▶ _Task instructions_: Copy, word for word, the lines of the listing below from the line with "1081 人身賦 0316131814 1.jpg" up to and including the line with "mix Краснокаменск". Drop the pictures.

▶ _Provided entries_:
────────────────────

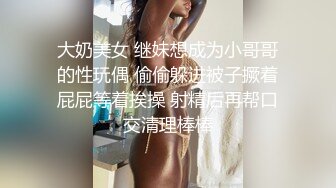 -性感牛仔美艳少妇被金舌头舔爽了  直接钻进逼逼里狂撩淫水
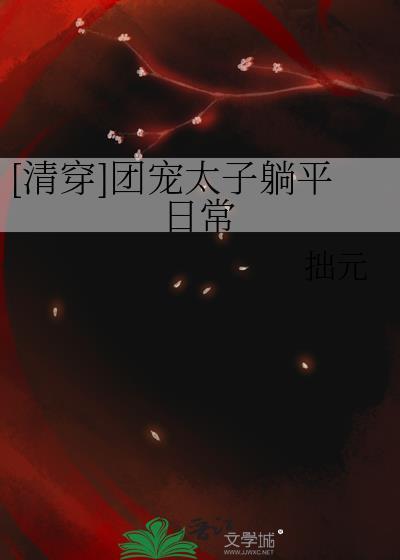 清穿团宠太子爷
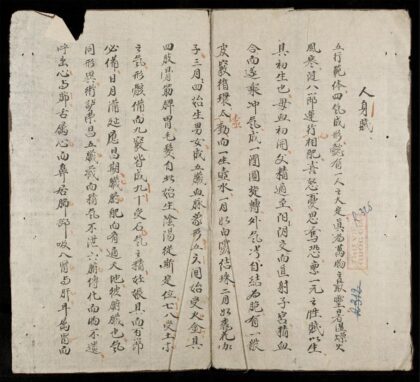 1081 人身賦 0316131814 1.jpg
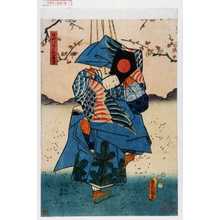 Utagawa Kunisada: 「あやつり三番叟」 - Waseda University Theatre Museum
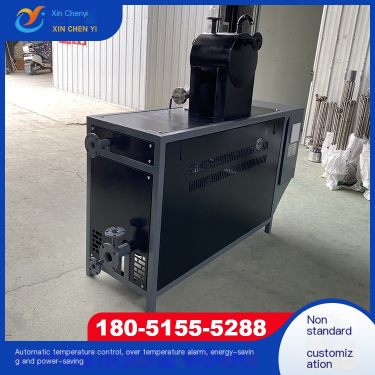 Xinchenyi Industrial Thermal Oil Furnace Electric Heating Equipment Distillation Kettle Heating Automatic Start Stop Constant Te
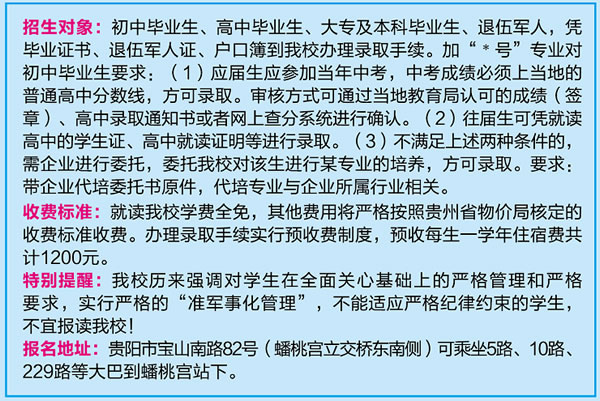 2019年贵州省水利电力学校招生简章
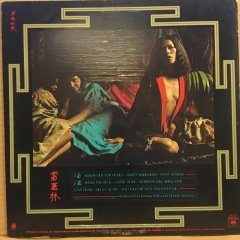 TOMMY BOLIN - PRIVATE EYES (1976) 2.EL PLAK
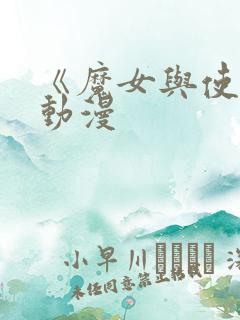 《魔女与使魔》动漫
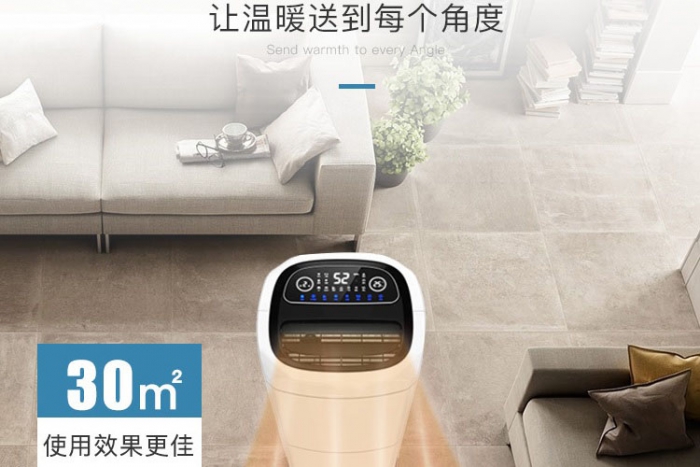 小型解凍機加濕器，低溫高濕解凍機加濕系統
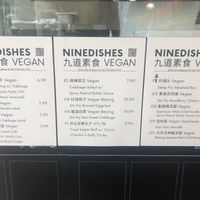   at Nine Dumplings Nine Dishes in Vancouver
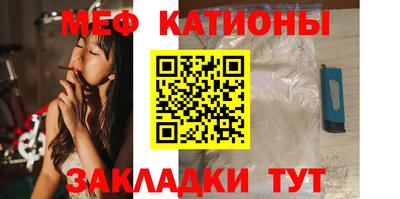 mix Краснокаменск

────────────────────

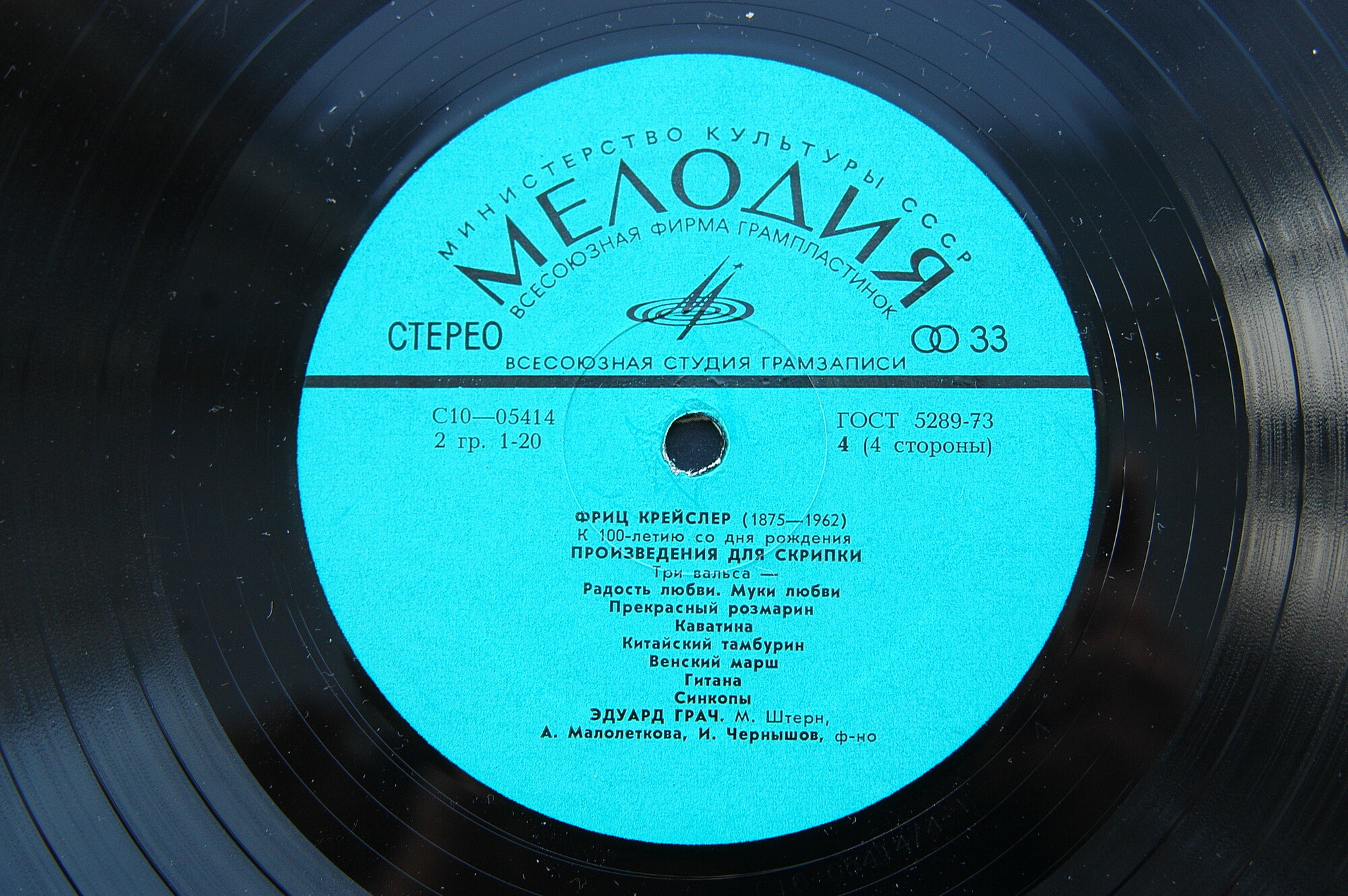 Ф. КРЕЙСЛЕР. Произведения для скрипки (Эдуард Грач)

────────────────────

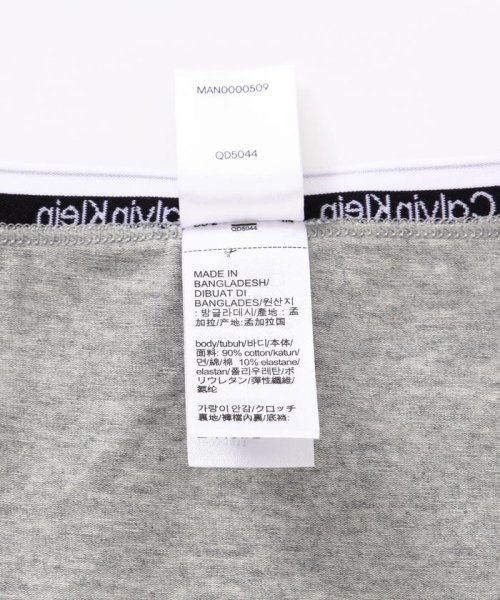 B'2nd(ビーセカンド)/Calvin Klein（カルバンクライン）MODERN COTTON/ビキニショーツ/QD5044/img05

────────────────────

▶ _Answer to the problem_:
 1081 人身賦 0316131814 1.jpg
 Utagawa Kunisada: 「あやつり三番叟」 - Waseda University Theatre Museum
 Xinchenyi Industrial Thermal Oil Furnace Electric Heating Equipment Distillation Kettle Heating Automatic Start Stop Constant Te
 2019年贵州省水利电力学校招生简章
 TOMMY BOLIN - PRIVATE EYES (1976) 2.EL PLAK
 《魔女与使魔》动漫
 小型解凍機加濕器，低溫高濕解凍機加濕系統
   at Nine Dumplings Nine Dishes in Vancouver
 mix Краснокаменск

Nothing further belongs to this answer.